Perhaps a better question would be, Why do you expect it to be different?
The only possible thing I can think of is that you're assuming the address
is absolute across the entire memory of your computer -- it isn't. It's
relative to the address space of your program.
So if you run the program once, it may load into the 100th page of RAM,
and if you run it again, it may load into the 150th page of RAM. But the
address of the variable *relative to the starting address of your program*
will always be the same.
I personally own a system with a multitasking multiuser Unix-like OS
on which your claims about addresses are exactly backwards.
On that particular system, addresses as visible to C programs *are*
absolute addresses acrosss the entire memory of the computer, and
the addresses of static variables are chosen at run-time by the
loader, so the address of variables relative to the starting
address of the program are -not- always be the same.
C has had a long history of running on systems with relocating
loaders and which used Position Independant Code (PIC) as much as
possible, with the loader doing address "fixups" as needed.
One of the two major branches of Unix (I -think- it was BSD) went
the route of giving consistent virtual address spaces to programs,
but the other (System V) did not.
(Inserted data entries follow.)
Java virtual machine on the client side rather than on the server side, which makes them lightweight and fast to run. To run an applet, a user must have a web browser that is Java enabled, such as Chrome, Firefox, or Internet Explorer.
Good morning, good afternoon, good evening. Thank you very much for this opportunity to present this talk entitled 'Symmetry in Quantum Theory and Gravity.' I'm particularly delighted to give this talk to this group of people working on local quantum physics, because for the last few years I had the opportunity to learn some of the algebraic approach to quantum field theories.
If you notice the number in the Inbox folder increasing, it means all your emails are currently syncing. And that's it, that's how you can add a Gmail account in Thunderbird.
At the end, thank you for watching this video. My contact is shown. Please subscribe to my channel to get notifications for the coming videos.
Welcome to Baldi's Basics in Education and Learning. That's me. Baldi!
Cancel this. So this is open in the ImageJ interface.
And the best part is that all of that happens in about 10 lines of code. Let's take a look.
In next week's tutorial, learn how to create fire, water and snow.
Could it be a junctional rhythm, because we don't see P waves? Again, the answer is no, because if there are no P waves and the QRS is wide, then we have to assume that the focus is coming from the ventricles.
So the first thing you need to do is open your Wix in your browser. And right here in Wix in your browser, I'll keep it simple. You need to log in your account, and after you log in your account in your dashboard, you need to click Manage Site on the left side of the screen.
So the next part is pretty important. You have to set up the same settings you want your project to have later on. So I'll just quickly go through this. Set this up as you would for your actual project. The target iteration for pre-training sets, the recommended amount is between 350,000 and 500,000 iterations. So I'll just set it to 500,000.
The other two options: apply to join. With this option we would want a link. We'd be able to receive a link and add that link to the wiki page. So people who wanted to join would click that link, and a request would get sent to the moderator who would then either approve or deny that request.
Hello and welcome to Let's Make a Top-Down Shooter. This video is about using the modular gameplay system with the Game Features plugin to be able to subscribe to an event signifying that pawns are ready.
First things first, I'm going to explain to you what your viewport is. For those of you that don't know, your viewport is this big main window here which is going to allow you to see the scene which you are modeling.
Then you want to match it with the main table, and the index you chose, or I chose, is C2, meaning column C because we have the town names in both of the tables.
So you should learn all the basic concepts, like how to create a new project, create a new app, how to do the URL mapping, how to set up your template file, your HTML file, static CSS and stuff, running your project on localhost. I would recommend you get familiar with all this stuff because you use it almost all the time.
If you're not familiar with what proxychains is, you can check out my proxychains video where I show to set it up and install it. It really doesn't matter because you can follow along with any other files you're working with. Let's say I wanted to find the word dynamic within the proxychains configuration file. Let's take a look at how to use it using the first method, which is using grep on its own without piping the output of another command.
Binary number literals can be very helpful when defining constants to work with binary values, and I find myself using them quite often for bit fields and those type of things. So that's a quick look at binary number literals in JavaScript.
The major non-trivial work in
porting a game such as NetHack used to be in the save and restore
routines -- with the BSD version blithely writing out memory
*including pointers* to save files, but the SysV version having to
carefully convert all the pointers into cursors upon save, and
build the cursors back into pointers upon load.
If you look at the C89 and C99 standards, the only portable way
to write out a pointer is using a %p format, which is only documented
as producing *some* representation of the pointer, not one that
necessarily has anything to do with any internal address space.
C99 promises that if you use %p to read back in such a pointer
in the same program, that the resulting pointer will compare equal
to the original pointer, but my memory (sorry, don't have
my reference material here) is that C89 does not make that promise
about being able to read back in %p. If the run-time care to go through
the bother, it could write out a %p as something like "<pointer #7>"
as long as it kept track of what #7 corresponded to in memory.
Printing out a pointer as a numeric value involves a system-
dependant conversion from pointer to numeric value; implementations
need not define any useful meaning for such a conversion.
You can take the tactic of taking the address of the beginning
of a pointer, coercing that address to unsigned char *, and
printing out sizeof(*whatever) bytes as numeric values, but
pointers need not be simple variables: the visible value
of a pointer can be (for example) the address of a memory descriptor
that gives information about types and bounds and actual memory
address of the data. (This was the case for a major vendor for awhile.)